Username Grapheme to Phoneme Transformer
Better username pronunciation for Text-to-Speech
I’ve been running text-to-speech on my Discord bot for almost 8 years now. I mainly use it to announce when users join/leave a channel, similar to how Ventrillo works. I started out using gTTS, but later moved to using free ElevenLabs credits whenever available (still defaulting back to good old gTTS when the credits run out). While the TTS is pretty good, it still has trouble pronouncing some usernames. I thought this might be a great time to try training a Seq2Seq transformer model, taking usernames as input and outputting some kind of pronunciation data.

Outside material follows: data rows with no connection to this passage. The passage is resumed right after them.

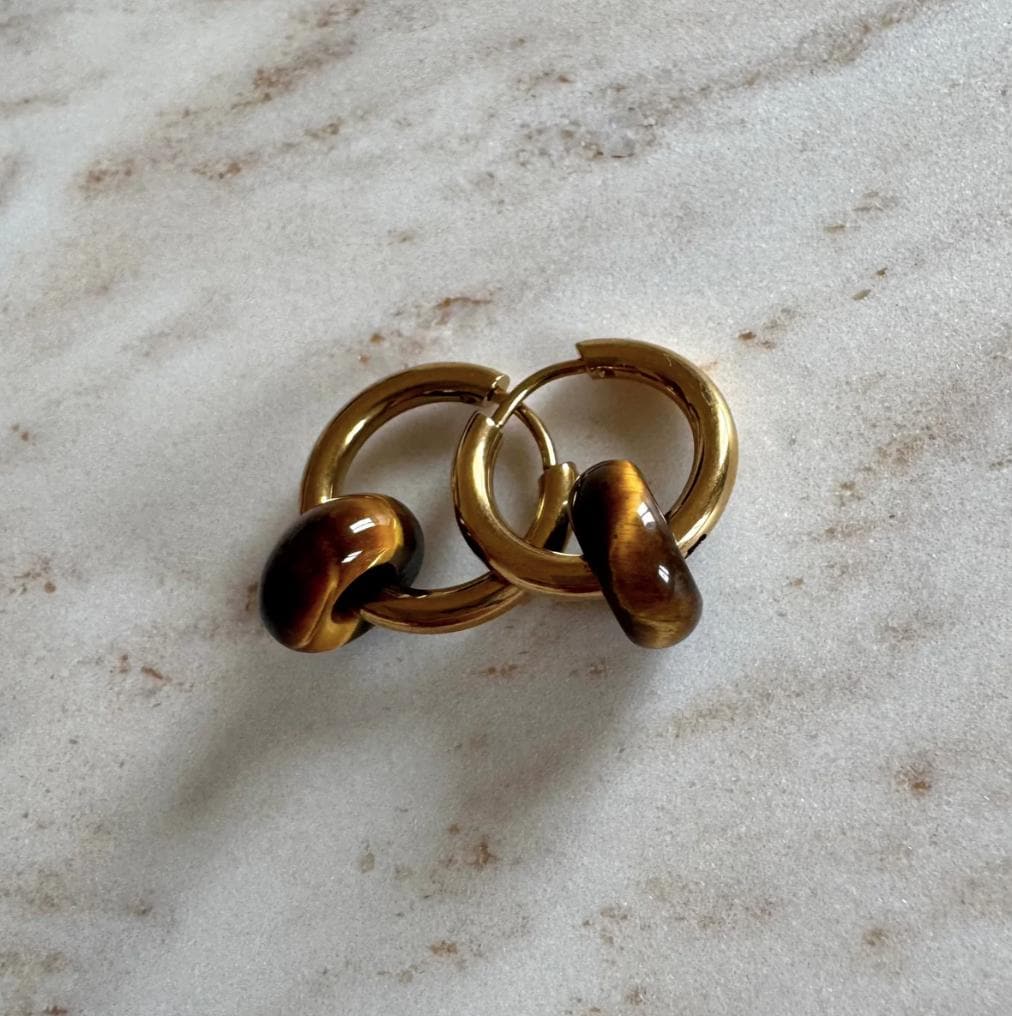 14k Tiger's Eye Creoles - Hoop Earrings 14k Gold Plated - 3mm Round Creole Plain Polished Tubes - with Gift Sachet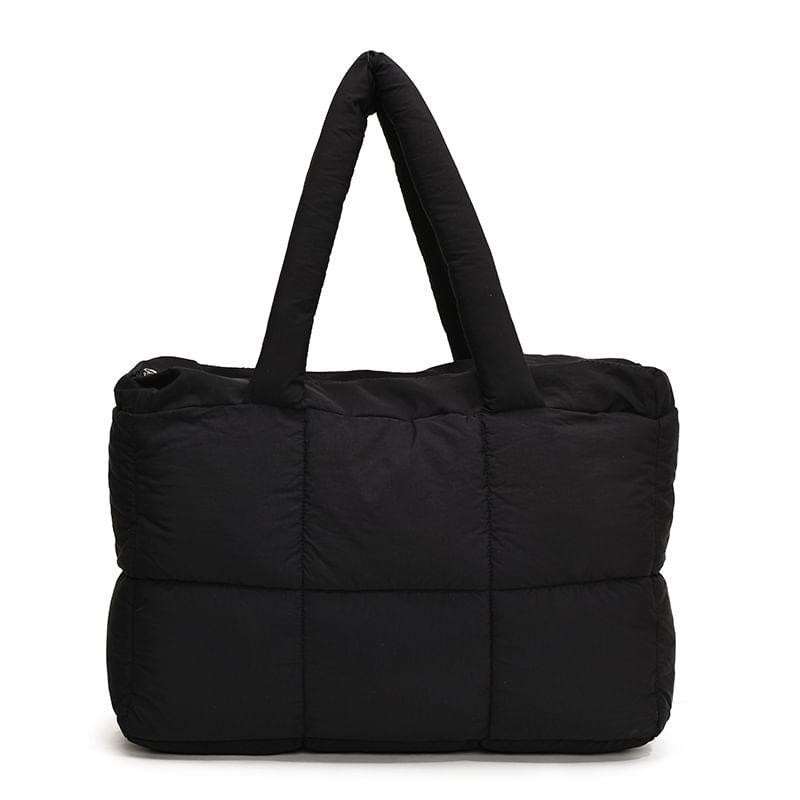 Plain Quilted Nylon Tote Bag Product Image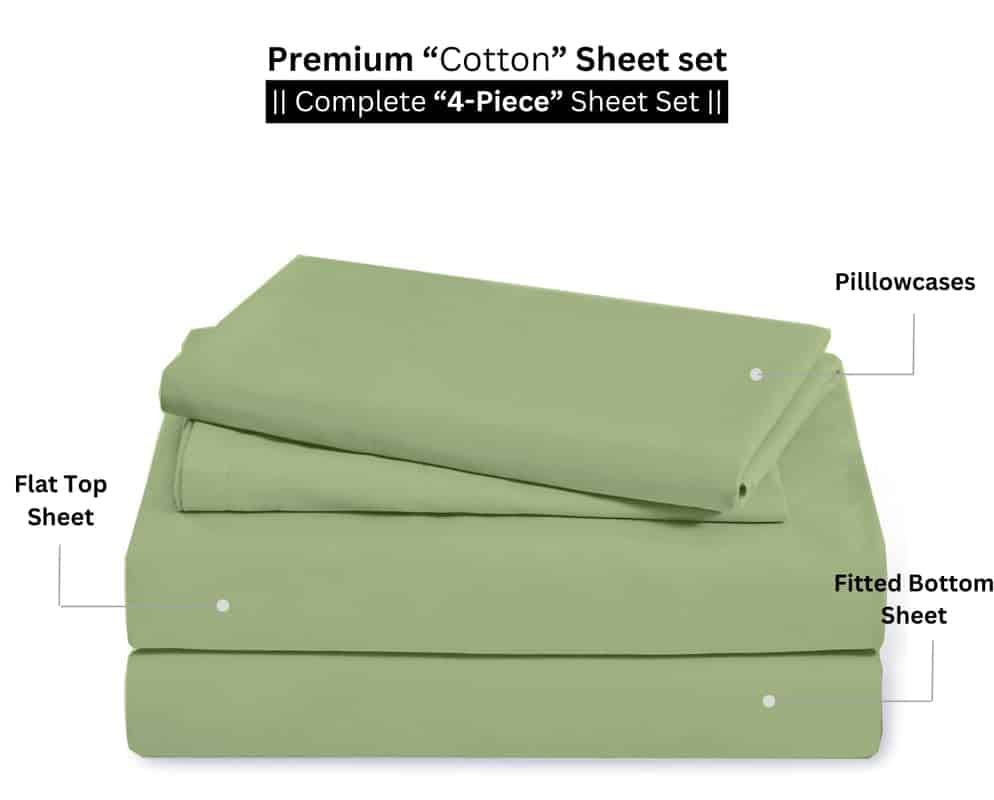 Juego de sábanas premium de 4 piezas de -Sage Solid - Imagen 3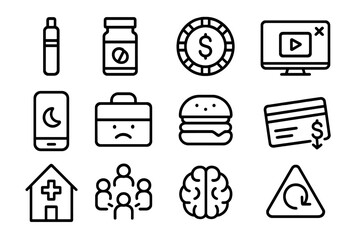 Simple linear icon set with various everyday objects on dark background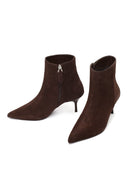 Kadın Kahverengi Fermuarlı İnce Topuklu Süet Deri Bot | Derimod Kadın Kahverengi Fermuarlı İnce Topuklu Süet Deri Bot | Derimod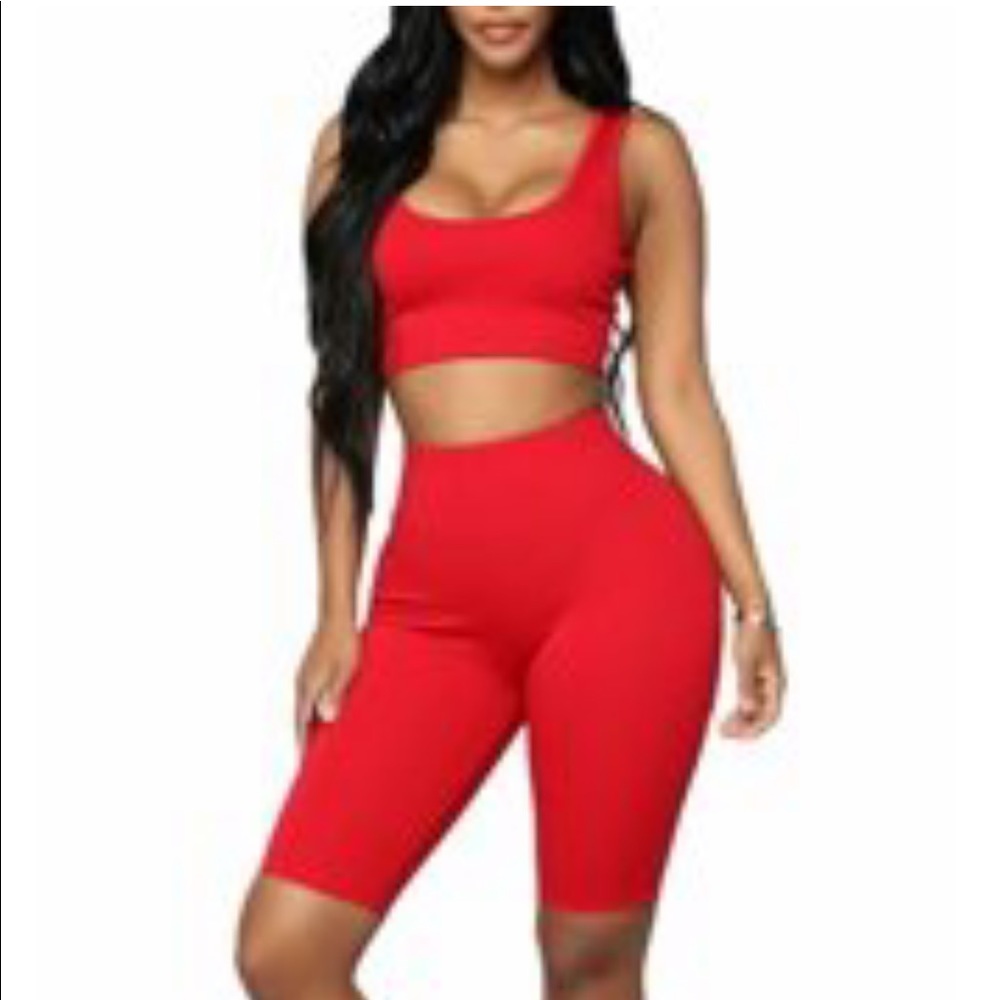 2 piece crop top & biker shorts set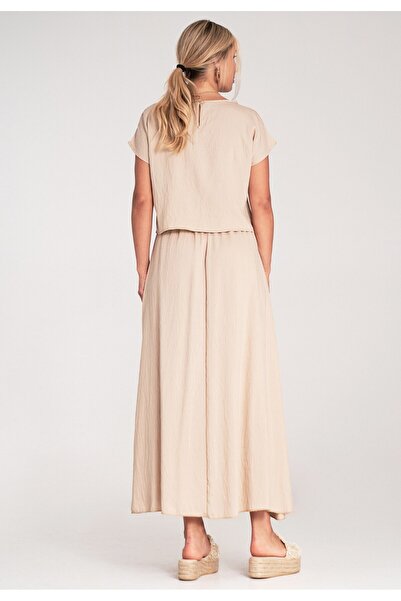 Figl Blouse and skirt set - Women's summer set - Beige set M1219 size L/XL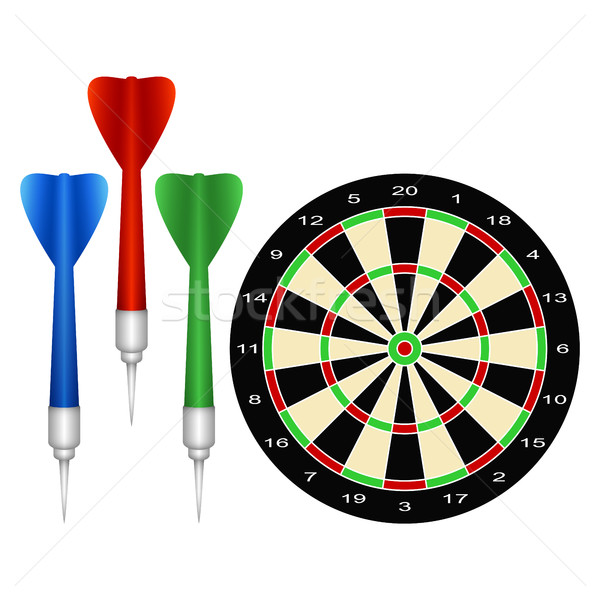 Zubehör Spiel Darts Set weiß arrow Stock foto © Silanti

I quickly found the CMU Pronouncing Dictionary, a well-established mapping of words to a special phonetic alphabet, called an ARPAbet. Additionally, Python’s nltk module also allows easy access to the dataset. I also found a data set of 10 million usernames, originally for security research, but I thought it might be useful to specifically train a model to pronounce usernames, instead of general words.
I started with a Google Colab instance, running on a Tesla T4 GPU, with high RAM. We install the required libraries, including the extra torch libraries to allow for CUDA support.
# Install PyTorch
%pip install torch torchvision torchaudio
# Install other dependencies
%pip install numpy pandas nltk elevenlabs requests
Next, we download the CMU Pronouncing Dictionary
import nltk
nltk.download('cmudict')
This might take a few minutes. Once it’s done, we can download the usernames dataset. For reasons I’ll explain later, I’m only going to download the first 750,000 usernames.
url = "https://raw.githubusercontent.com/danielmiessler/SecLists/master/Usernames/xato-net-10-million-usernames.txt"
response = requests.get(url)
response.raise_for_status() # Raise an exception for bad status codes
usernames = response.text.splitlines()[:750_000]
print(f"Downloaded {len(usernames)} usernames.")
We need to preprocess the usernames, removing any special characters, numbers, converting common spacers to actual spaces, and setting them to lowercase.
import re
def normalize_username(username):
# Convert to lowercase
username = username.lower()
# Replace numbers with words
num_to_word = {
'0': ' zero ', '1': ' one ', '2': ' two ', '3': ' three ',
'4': ' four ', '5': ' five ', '6': ' six ', '7': ' seven ',
'8': ' eight ', '9': ' nine '
}
for num, word in num_to_word.items():
username = username.replace(num, word)
# Replace special characters with spaces
username = re.sub(r'[\W_]+', ' ', username)
# Remove extra spaces
username = re.sub(r'\s+', ' ', username).strip()
return username
We need to make sure we only include usernames that have a pronunciation in the CMU Pronouncing Dictionary. We can do this by checking if the username is in the dictionary. Additionally, multiple pronunciations are possible for a single word, so we’ll only use the first one.
def get_phonemes(word):
phonemes_list = cmu_dict.get(word)
if phonemes_list:
return phonemes_list[0] # Use the first pronunciation
else:
return None # Only show usernames that have correct phonemes
Finally, we can process each username, and get the corresponding phonemes.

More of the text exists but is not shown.